Recipe: Sweet potato gnocchi

  • For gnocchi
  • 2 large sweet potatoes (about 1 1/2 pounds), baked until tender
  • 1/2 tsp salt
  • 1 cup brown rice flour
  • 1 teaspoons ground chia seed stirred into 2 Tbsp warm water
  • For garlic-sage sauce
  • 3 Tbsp coconut oil
  • 20 small whole sage leaves
  • 2 cloves garlic, minced
  • For the garnish
  • 1/2 cup hazelnuts, toasted then chopped

Mix the chia seeds with water and let sit for a minute or two. To make the gnocchi, scoop the sweet potato from the skins into a mixing bowl. Mash very well. Add salt, chia mixture, and enough flour to yield a soft but not sticky dough (start with 3/4 cup and add the rest if needed). Divide the dough into fourths and roll each out into a 1/2-inch (1.25 cm) log, dusting hands with flour if needed. Cut crosswise into 1-inch (2.5 cm) lengths. Let rest while you make the sauce.

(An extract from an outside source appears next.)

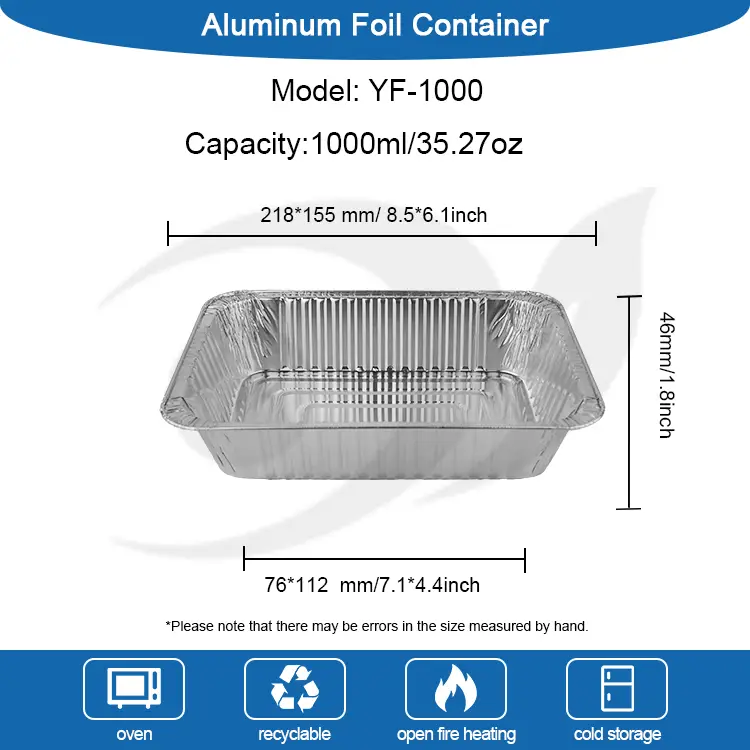 Rechteckige Backblech Silber Aluminium Folienbehälter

To make the sauce, heat the coconut oil in an 8- or 10-inch skillet over medium heat. Add sage leaves and fry until crisp and darkened. Remove from oil and place on plate. Add garlic to the oil, stir to make sure all garlic is under the surface, then remove from heat. The heat of the oil will cook the garlic, but keep it from burning. Add sage back into pan.  Bring a large pot of water to a boil. Cook the gnocchi in salted, boiling water for 5 minutes, then lift them out with a spider and place into the skillet of sauce. Toss to coat. Garnish with hazelnuts.

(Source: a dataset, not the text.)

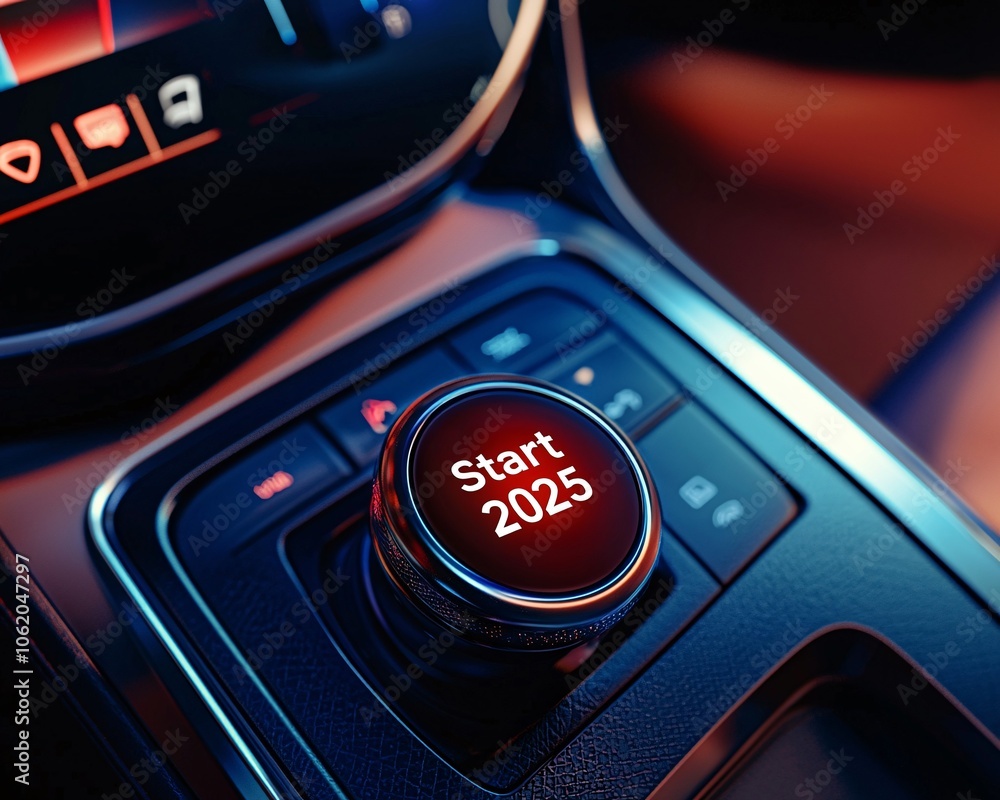 Poster close-up view of a modern car start button with illuminated 'start 2025' display, showcasing advance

Calories per serving: 387 calories

Serving Size

Makes 4 servings

Recipe: Double chocolate coconut quinoa cookies

  • 4 large VERY RIPE bananas
  • 1 cup quinoa (cooked)
  • 2 cups unsweetened, shredded coconut
  • 1/2 cup maple syrup
  • 1/2 cup dark chocolate chips
  • 1 tsp vanilla

Pre-heat oven to 375 degrees. In a large mixing bowl, mash bananas in bowl with a fork and add vanilla and maple syrup. Add remaining ingredients (less chocolate chips). Stir until well combined then stir in chocolate chips. Line baking sheet with parchment paper (or grease baking sheet with coconut oil) and drop batter on to cooking sheet. Bake for about 25 minutes. Remove from oven and let cool.

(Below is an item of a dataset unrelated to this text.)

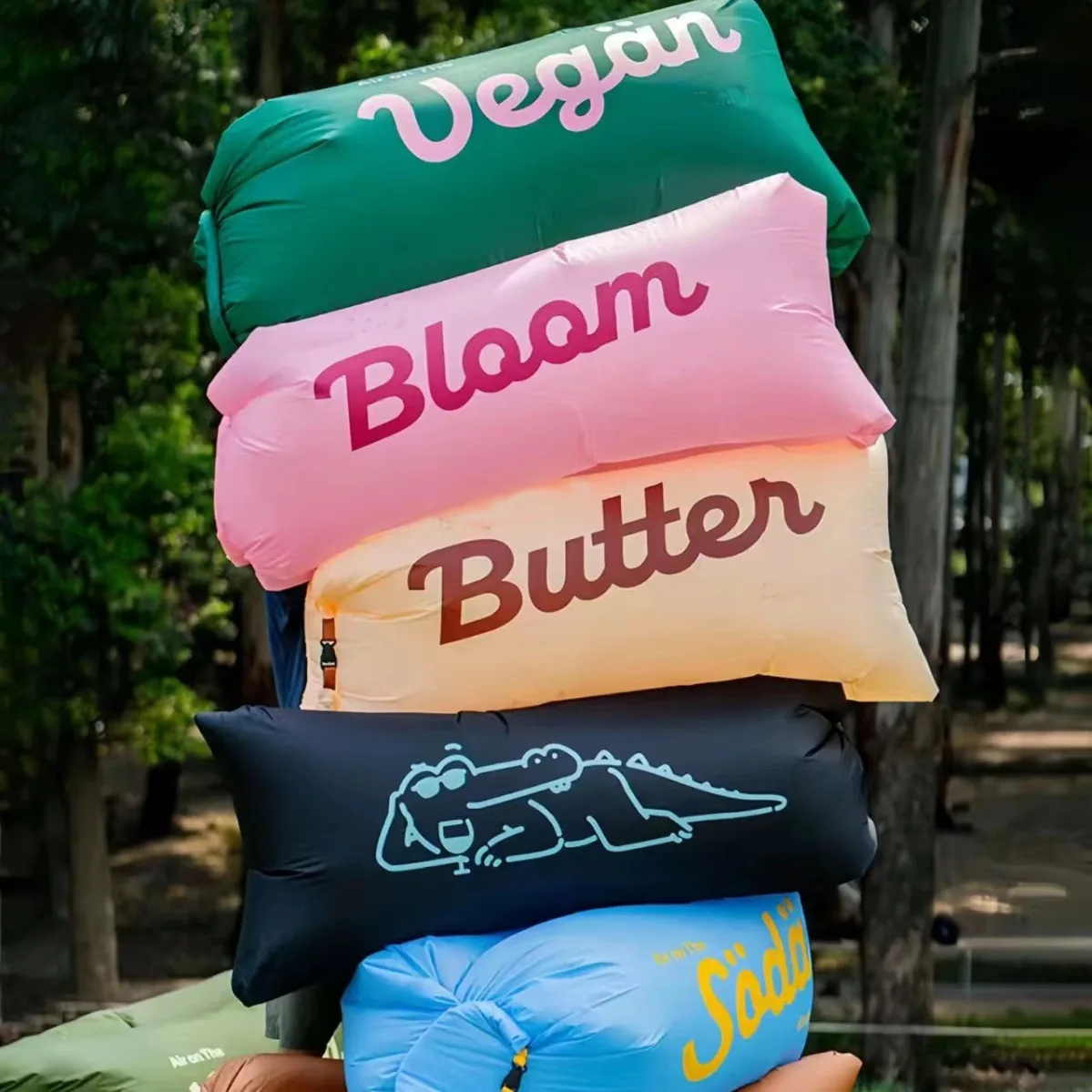 

Outdoor Lazy Inflatable Sofa Camping Mat Portable Camping Hiking Sleeping Bag Foldable Air Bed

Recipe: Raspberry watermelon mojito (non-alcohol)

  • 1 cup raspberries
  • 1 cup watermelon, peeled and cubed
  • 1 cup mineral water
  • 4 sprigs mint
  • 1/2 lemon, juiced

Add raspberries and watermelon to blender, and blend until smooth and liquid. Add to martini shaker with mint and lemon.  Shake, shake, shake, then pour into two separate glasses half way full, top with mineral water and enjoy!